As ações serão realizadas na região norte da capital, e terão a ajuda de um drone, equipamento aéreo não tripulado e pode ser manobrado por controle remoto, para monitorar e fotografar os locais onde estão os possíveis focos da doença.

De acordo com a diretora de vigilância em saúde da Secretaria Municipal de Goiânia, Flúvia Amorim, o uso do drone ainda está em fase teste. “Primeiramente testamos no Setor Sul e agora estamos fazendo (os testes) nessa região. O que observamos no Guanabara é que, devido a proximidade do aeroporto, não poderemos usar drone, mas aí teremos os agentes para fazer o trabalho”.
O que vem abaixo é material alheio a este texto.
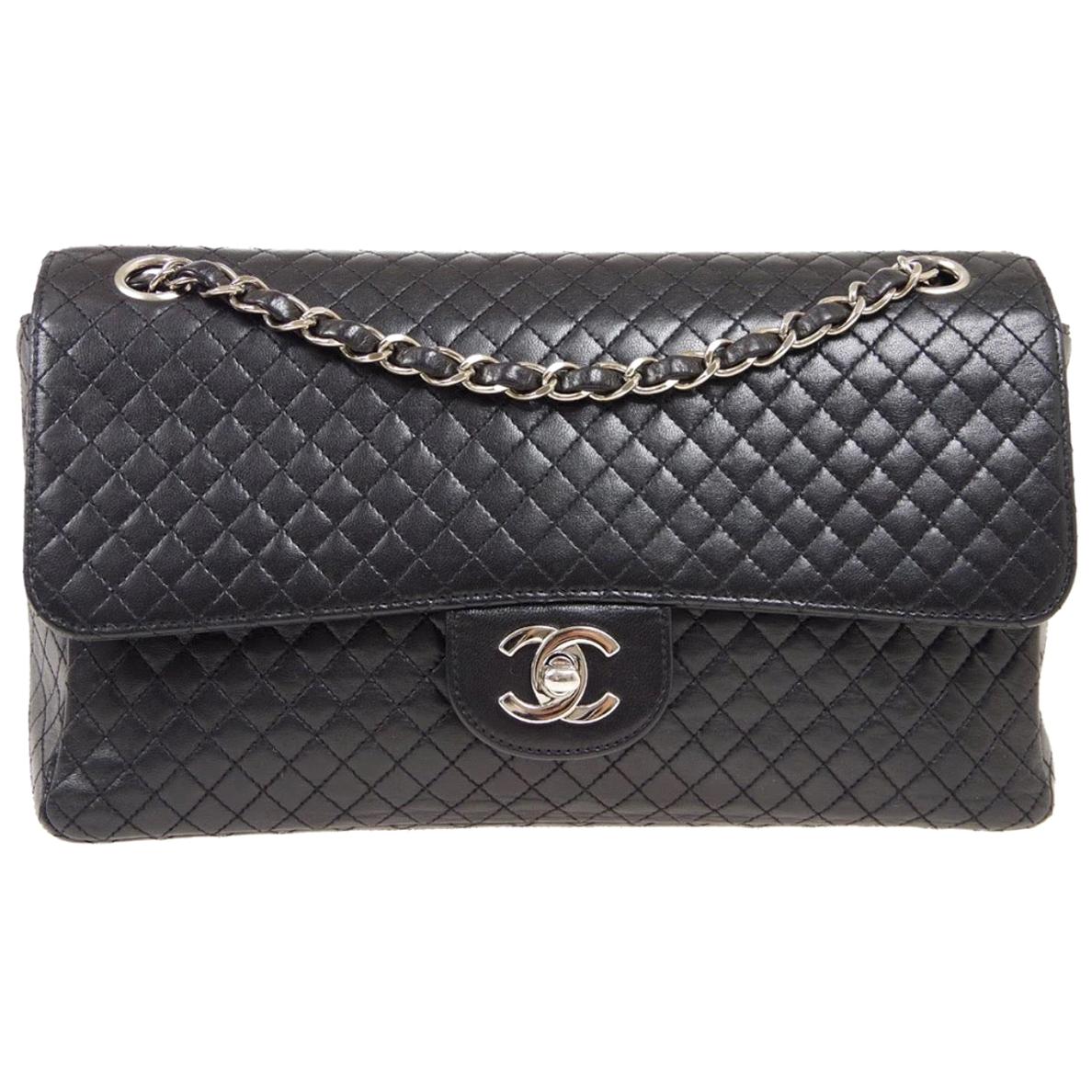 Chanel Black Leather Quilted Silver Medium Evening Shoulder Flap Bag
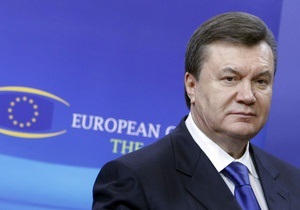 Янукович считает, что НБУ должен обеспечить стабильность проблемных банков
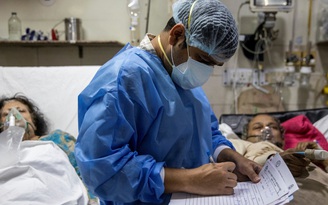 Bác sĩ trẻ đau lòng chọn người sống sót trong ca trực 27 tiếng giữa dịch Covid Ấn Độ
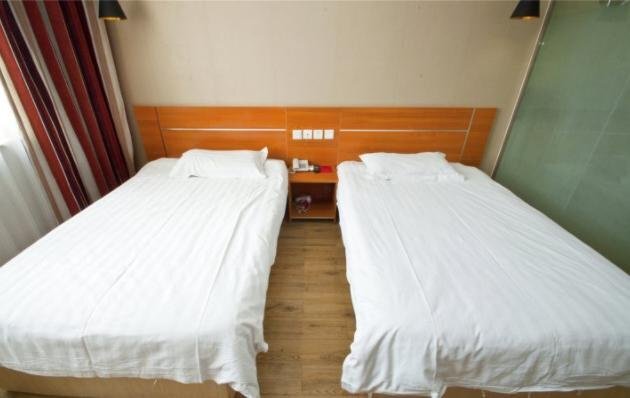 Линьи: Thank You Hotel Nanfang North Bus Station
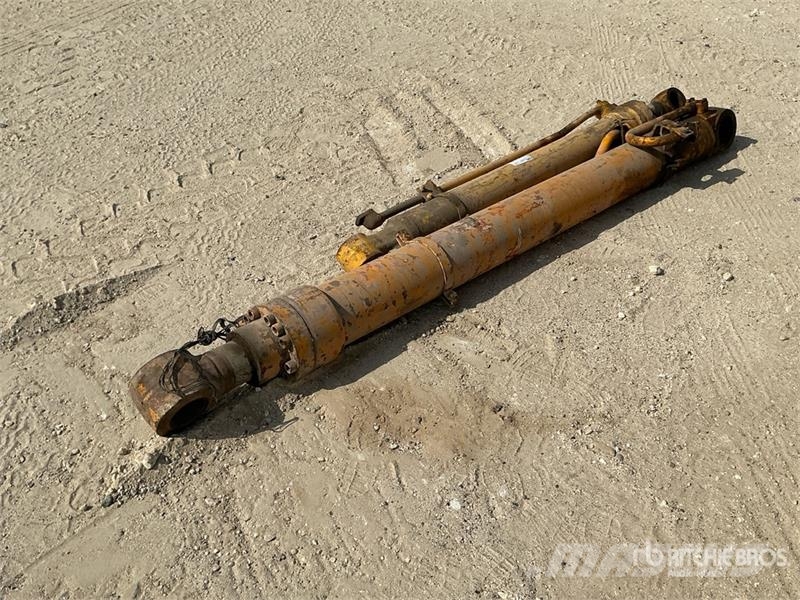 Quantity of (2) Hydraulic Cylinders Drugi deli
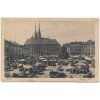 04 - Brno, Zelný trh, partie se stánky a lidmi, cca 1921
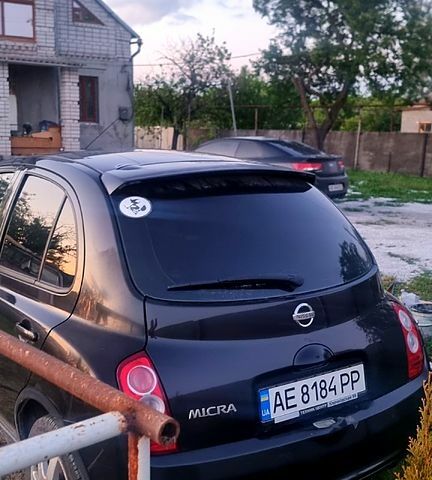 Черный Ниссан Микра, объемом двигателя 1.4 л и пробегом 200 тыс. км за 5500 $, фото 3 на Automoto.ua
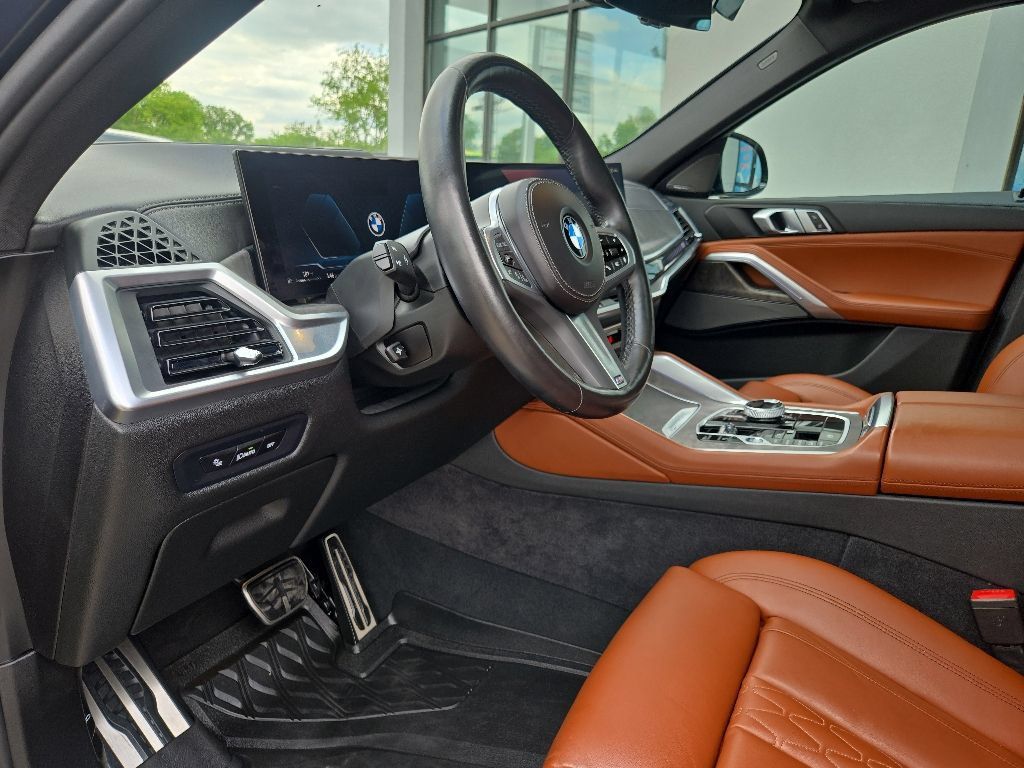 Used 2024 BMW X6 xDrive40i w/ Executive Package AWD/4WD image 38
O piloto de helicóptero e responsável pelos testes com o drone, Roni Pigetti, relata qual será o custo operacional do equipamento para a prefeitura de Goiânia. “O custo é projetado em cima do gasto de aquisição e de peças de reposição e de manutenção, se necessário. O preço de aquisição fica em torno de 20 mil reais, com todo equipamento. Além disso, gasta baterias, que podem ser carregadas aproximadamente 50 vezes, e que custam mais ou menos 600 reais”.

Em relação à força tarefa, Flúvia Amorim ressaltou que é preciso da cooperação da população para a diminuição dos focos da dengue. “Os Jardins Guanabara (do 1 ao 4) foram os bairros com maior número de casos na última semana. A intenção é mobilizar a população para q ela ajude. Não basta um lado fazer sua parte, precisamos da união das forças”.

A diretora de vigilância em Saúde ressaltou que, só em Goiânia, já são mais de quinze mil casos da doença. “Estamos com 15.062 casos. Felizmente, o número de óbitos é menor do que no ano anterior, no mesmo período”.